The two sessions that I thought were the best was a session on AP boot camp and a session on using literature and poetry as evidence in an argument. The boot camp session leader was phenomenal! He was so engaging and enthusiastic and his passion for teaching was so evident. I learned a few tips and tricks to implementing an AP boot camp, and I think it is something I am going to try to do with my students. The basic idea is community and skill building prior to content learning, so that content learning will be "easier". I say "easier" because the skill building helps establish those things students need for content learning. I got some really awesome resources from the session, too, so that is always helpful.

The lit. and poetry as evidence in an argument was facilitated by Renee Shea and Robin Aufses who co-authored The Language of Composition (a text I use in my class). Needless to say, seeing these women was the English teacher equivalent of meeting a celebrity! Their session was awesome. I got a ton of ideas for using literature as evidence, and I think the information will really enhance my students' writing. I love to teach non-fiction and poetry in my AP class, but it is hard to integrate it with the non-fiction upon which the course so heavily relies. This session helped me figure out how to integrate those pieces, which will help break-up the use of non-fiction.

Beyond the sessions, I picked up 26 books! There was a hall filled with vendors who were pushing their books, and other AP related materials. Tom and I picked up some very expensive books, which is awesome (and just the cost of books was worth the trip!). I am excited to share these new materials with my colleagues!

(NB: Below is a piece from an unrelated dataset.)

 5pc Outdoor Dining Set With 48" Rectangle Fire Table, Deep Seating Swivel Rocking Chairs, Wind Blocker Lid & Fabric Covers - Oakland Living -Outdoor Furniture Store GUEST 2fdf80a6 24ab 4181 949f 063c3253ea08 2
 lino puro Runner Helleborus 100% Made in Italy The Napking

In between the sessions, we went to dinner at Max Brenner with my colleagues who also attended the conference. Max Brenner was awesome! The food was delicious, but really, the restaurant is known for desserts. Tom and I shared a delicious s'mores sundae. I would definitely make the trip back for more delicious chocolate (and food!).

The second night we went to the Phillies game. The night was perfect-- not too hot--and there was a nice breeze. We got our cheese steak fix and had Crabfries (which is so Baltimore, but was trademarked by Chickie's and Pete's). They claim that the fries are a special blend of seasoning, but it tasted like Old Bay. Totally Maryland. The Phillies played the Nats, so there was so hometown pull, but ultimately, I didn't really care who won. The game was fun and very relaxing.

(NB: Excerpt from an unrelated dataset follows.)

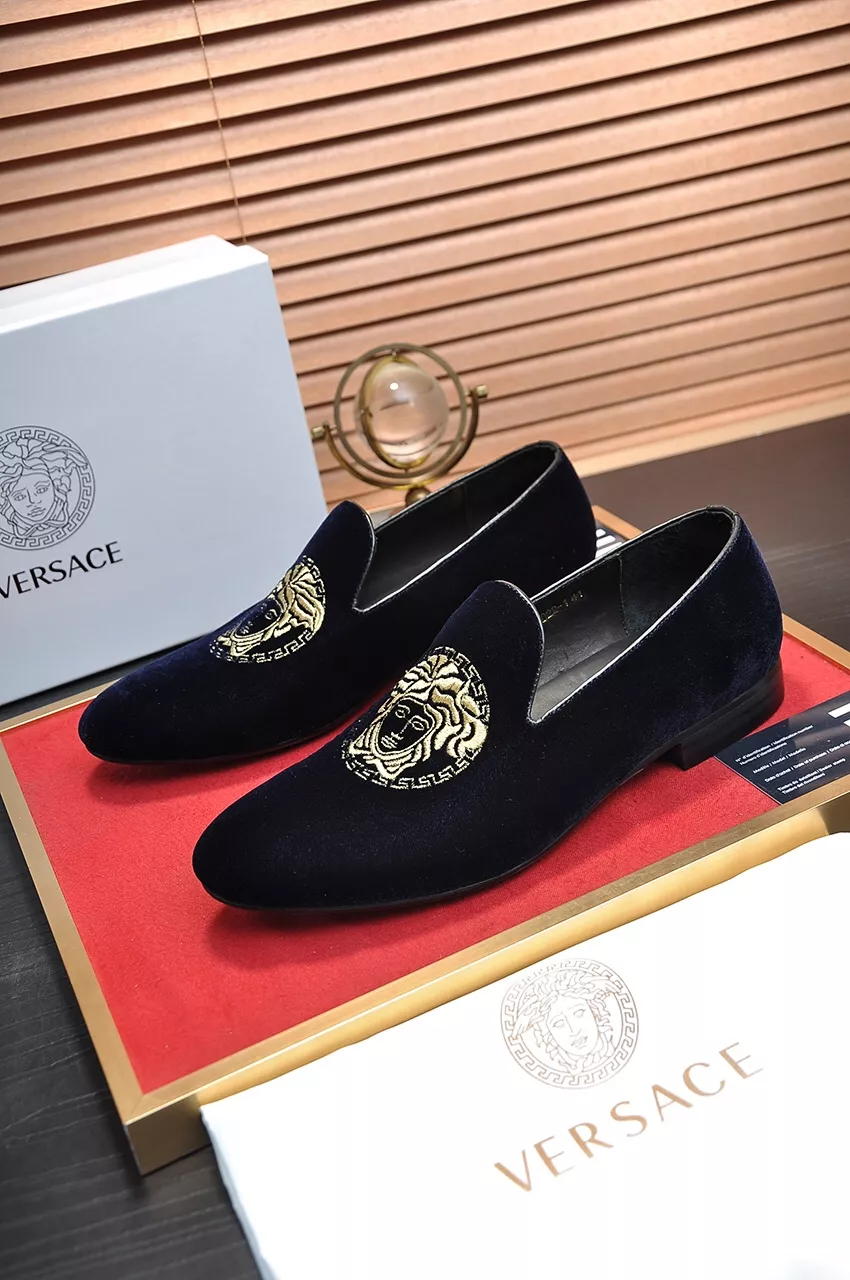 Efficient 7557 Versace Leather Shoes For Men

It was very nice to spend some time away from the kids, and to be able to sleep without being beckoned by a little voice multiple times throughout the night. The kids did a fairly good job being away from us for 2 days and nights. Lily did ask my mom if Tom and I still love her (seriously, Lily!?! break my heart a little more!). Other than that, they had fun with grandma and poppy and grammy and grandpa. And, of course, a HUGE thanks to our parents for watching the kids. We always appreciate the helping hands!

I am already hoping to attend next year's conference in Austin. I am also hoping to be a presenter, so fingers crossed as I work on my proposal!  

Tuesday, July 8, 2014

Working on work.

At the end of this week, Thursday through Saturday, I am attending the AP conference. I am really looking forward to the conference and I am hoping to get some new ideas for AP Language. I already looked over the list to choose my sessions, and I think there are some that will give me some good information for my class. I got my AP scores back, so my wheels are turning on ways to improve my class for next year. I know I still have a long way to go as an AP teacher, so I am trying to put myself in situations where I am constantly learning. I love teaching the AP Language course, so I want to work to be the best teacher I can be for the course and my students.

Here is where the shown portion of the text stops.